The identification of cardiac phase is an essential step for analysis and diagnosis of cardiac function. Automatic methods, especially data-driven methods for cardiac phase detection, typically require extensive annotations, which is time-consuming and labor-intensive. In this paper, we present an unsupervised framework for end-diastole (ED) and end-systole (ES) detection through self-supervised learning of latent cardiac motion trajectories from 4-chamber-view echocardiography videos. Our method eliminates the need for manual annotations, including ED and ES indices, segmentation, or volumetric measurements, by training a reconstruction model to encode interpretable spatiotemporal motion patterns. Evaluated on the EchoNet-Dynamic benchmark, the approach achieves mean absolute error (MAE) of 3 frames (58.3 ms) for ED and 2 frames (38.8 ms) for ES detection, matching state-of-the-art supervised methods.
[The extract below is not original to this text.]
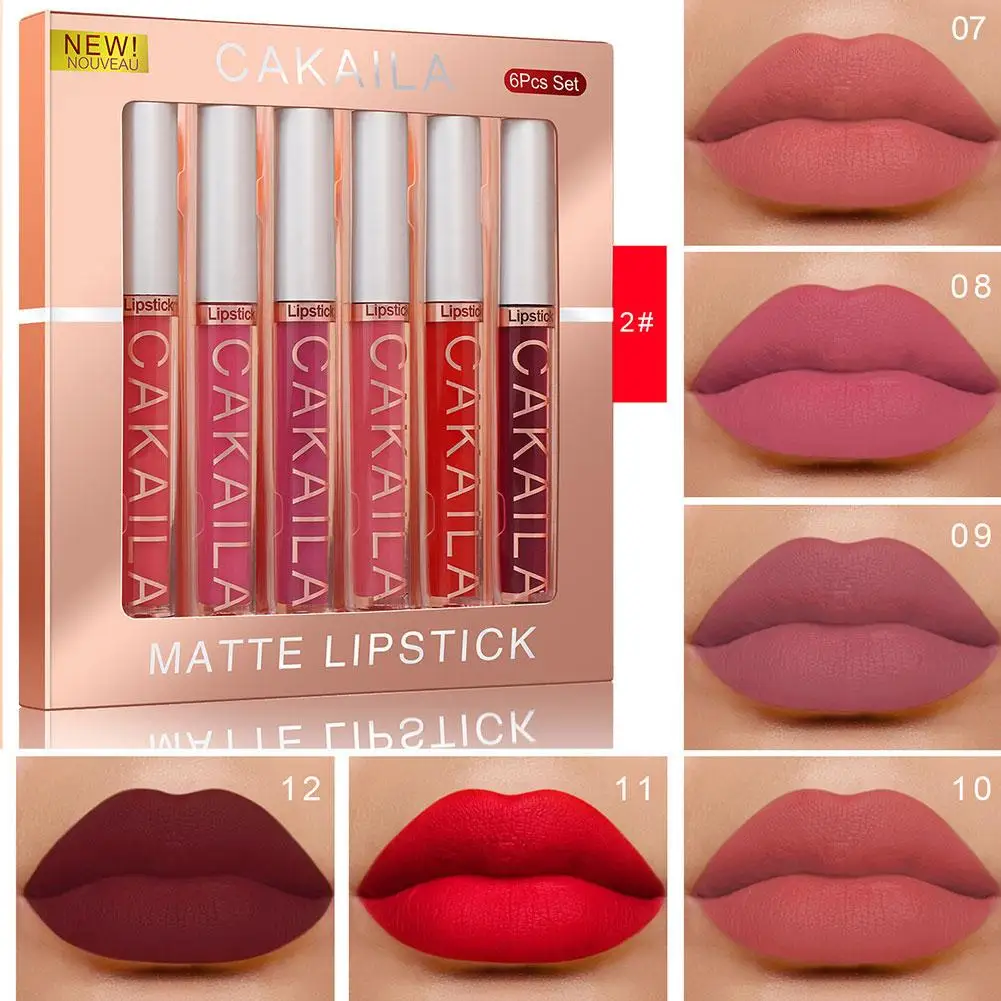 Juego de 6 pintalabios de terciopelo líquido para mujer, Pintalabios con brillo mate, labios rojos, lápiz labial hidratante Nude, resistente al agua, Sexy, largo, P9u3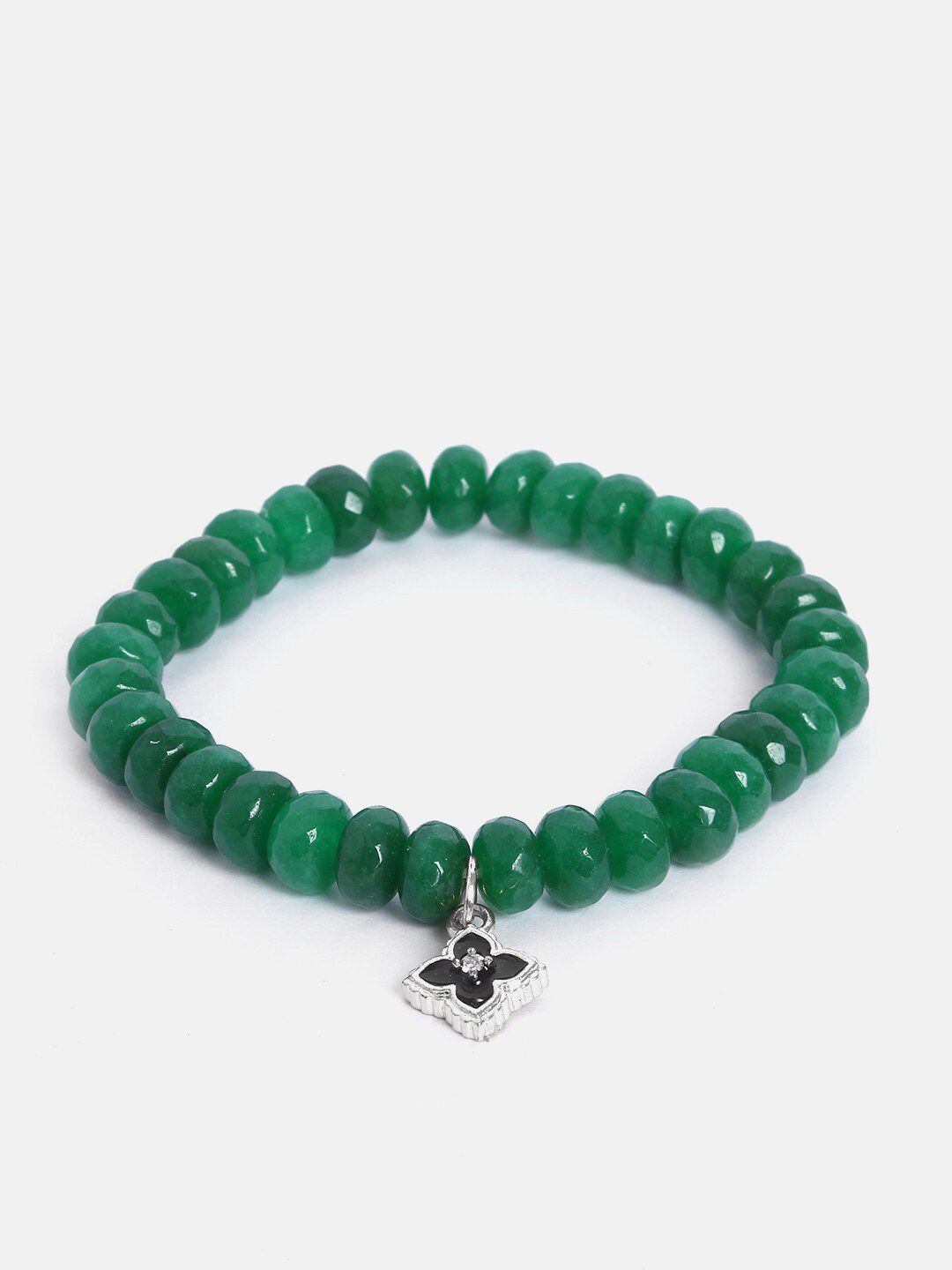 MINUTIAE Women Green & Silver-Toned & Plated Onyx Moroccan Flower Charm Bracelet Price in India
Extended to fetal echocardiography, the model demonstrates robust performance with MAE 1.46 frames (20.7 ms) for ED and 1.74 frames (25.3 ms) for ES, despite the fact that the fetal heart model is built using non-standardized heart views due to fetal heart positioning variability. Our results demonstrate the potential of the proposed latent motion trajectory strategy for cardiac phase detection in adult and fetal echocardiography. This work advances unsupervised cardiac motion analysis, offering a scalable solution for clinical populations lacking annotated data. Code will be released at https://github.com/YingyuYyy/CardiacPhase.

Figures (3)

• Figure 1: Latent Cardiac Motion Profiling via Frame-wise Reconstruction.(a) Structure-motion decomposition: Input frame $x_t$ is encoded as $z_t = z^s + \mathbf{E}\bm{a}_t$, where $z^s \in \mathbb{R}^D$ represents static anatomy and $\mathbf{E}\bm{a}_t$ models motion in orthogonal subspace $\mathbf{E} = [\bm{e}_1, \dots, \bm{e}_K]$. (b) Motion trajectory: Temporal evolution of $\{\bm{a}_t\}$ in $\mathbb{R}^K$ ($K = 2$ in our case) reveals ED/ES phases as geometric landmarks, enabling unsupervised detection through trajectory analysis.
• Figure 2: Latent motion disentanglement visualization in the motion subspace spanned by $\mathbf{E} = [\bm{e}_1, \bm{e}_2]$. (a) Three latent motion trajectories: two axes-specific motions (orange and blue lines) and their combination (red line). (b) Reconstruction of the red trajectory showing cardiac contraction with left ventricle volume decreasing and the movement of the septum and lateral wall (red arrows). (c) Reconstruction difference between red and blue trajectories, with minimal differences in the dashed region indicating e1 axis correlation with septal movement (blue arrow). (d) Reconstruction difference between red and orange trajectories, with minimal differences in the dashed region indicating e2 axis correlation with lateral movement (orange arrow).
• Figure 3: Latent motion trajectory for ED/ES indices detection. (a-c) A fetal test example. (a) Align fetal 4CH view to canonical apical orientation. (b) 2D latent motion trajectory. (c) Following Algorithm \ref{['alg:pca_extremes']}, the motion trajectory is projected to the principal direction. Peaks of the projected trajectory indicate ES and valleys indicate ED. Predicted ED/ES image frames are shown. (d-e) An adult test example.